Dataset entries
*** Begin section ***

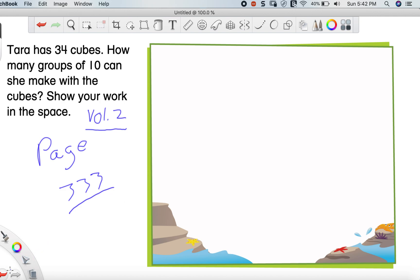For my friends that are on the right page, let's continue with today's lesson and find out what on earth we're going to be doing this time. So let's read this little problem up here. It says: Tara has 34 cubes. How many groups of 10 can she make with cubes? Show your work in this space. Of course we've got to show her work — it would be madness not to show her work.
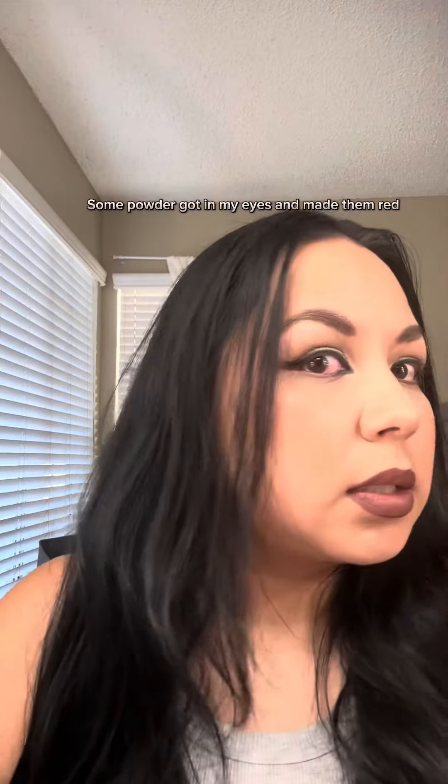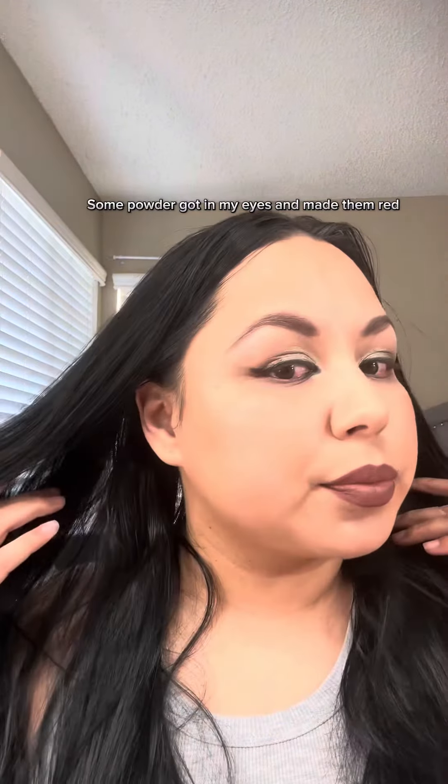My makeup is all done. This was the Glow Recipe side and this was the Dollar Tree side, and I can't really tell too much of a difference — I don't really feel a difference. Give it a try if you don't want to spend Glow Recipe money.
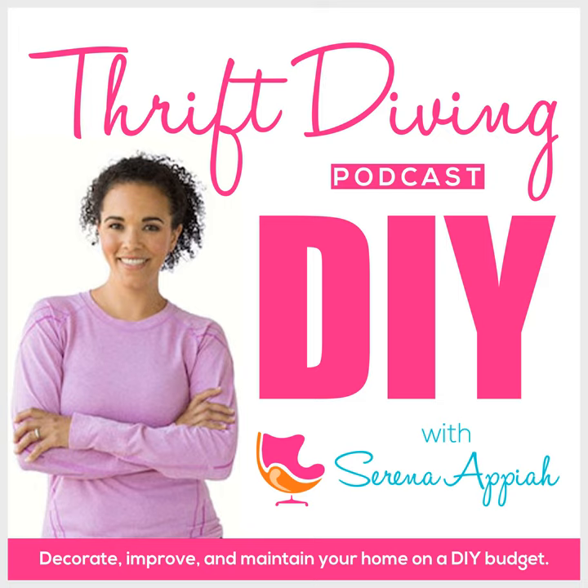We're gonna make it look fly with some DIY. It's thrift diving.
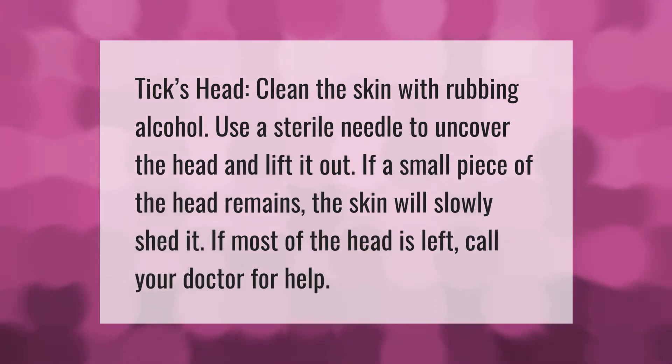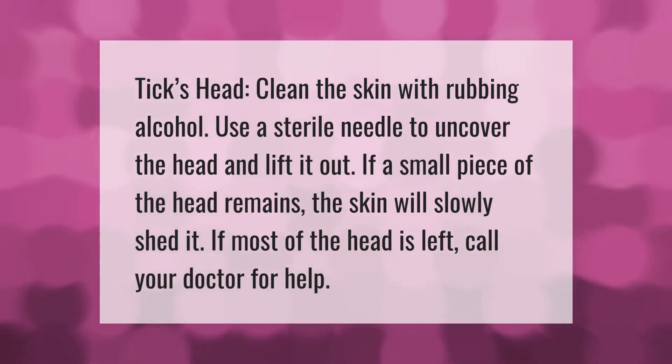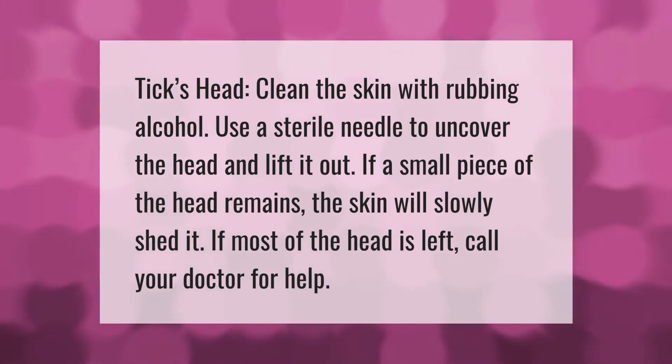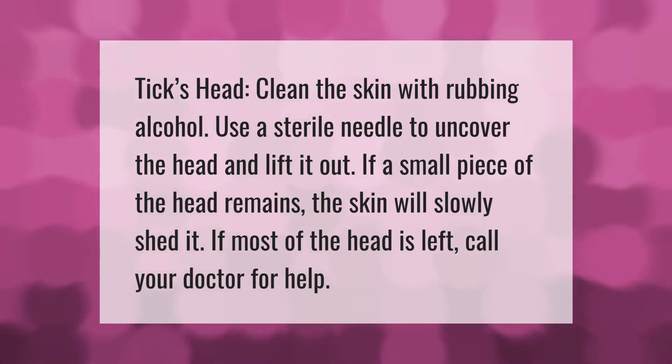To remove a tick's head, clean the skin with rubbing alcohol. Use a sterile needle to uncover the head and lift it out. If a small piece of the head remains, the skin will slowly shed it on its own.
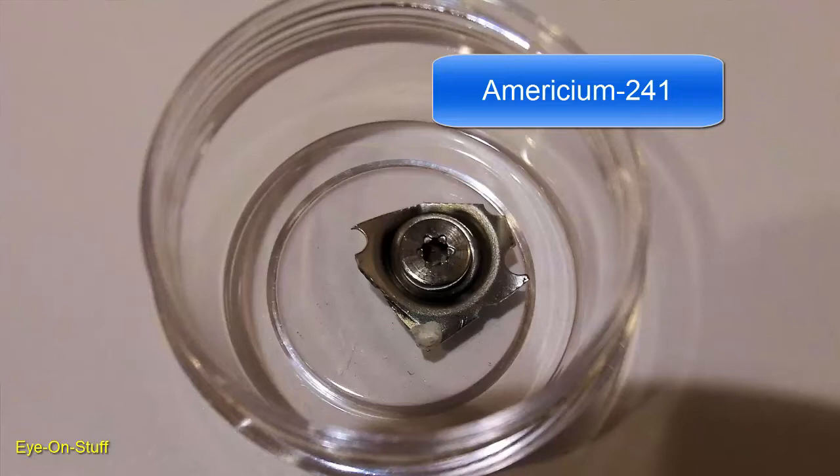Americium is actually very radioactive. Samples found in smoke detectors are very, very small, but they still emit a lot of radiation. This radiation is generally not dangerous as it does not travel very far. But if you inhale or ingest any of this material, it could result in cancer and other serious health issues.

*** End section ***

REQUIRED ACTION — Verbatim, write out the line containing "My makeup is" and all later lines through the end of the records, leaving every picture out.

YOUR RESPONSE —
My makeup is all done. This was the Glow Recipe side and this was the Dollar Tree side, and I can't really tell too much of a difference — I don't really feel a difference. Give it a try if you don't want to spend Glow Recipe money.
We're gonna make it look fly with some DIY. It's thrift diving.
To remove a tick's head, clean the skin with rubbing alcohol. Use a sterile needle to uncover the head and lift it out. If a small piece of the head remains, the skin will slowly shed it on its own.
Americium is actually very radioactive. Samples found in smoke detectors are very, very small, but they still emit a lot of radiation. This radiation is generally not dangerous as it does not travel very far. But if you inhale or ingest any of this material, it could result in cancer and other serious health issues.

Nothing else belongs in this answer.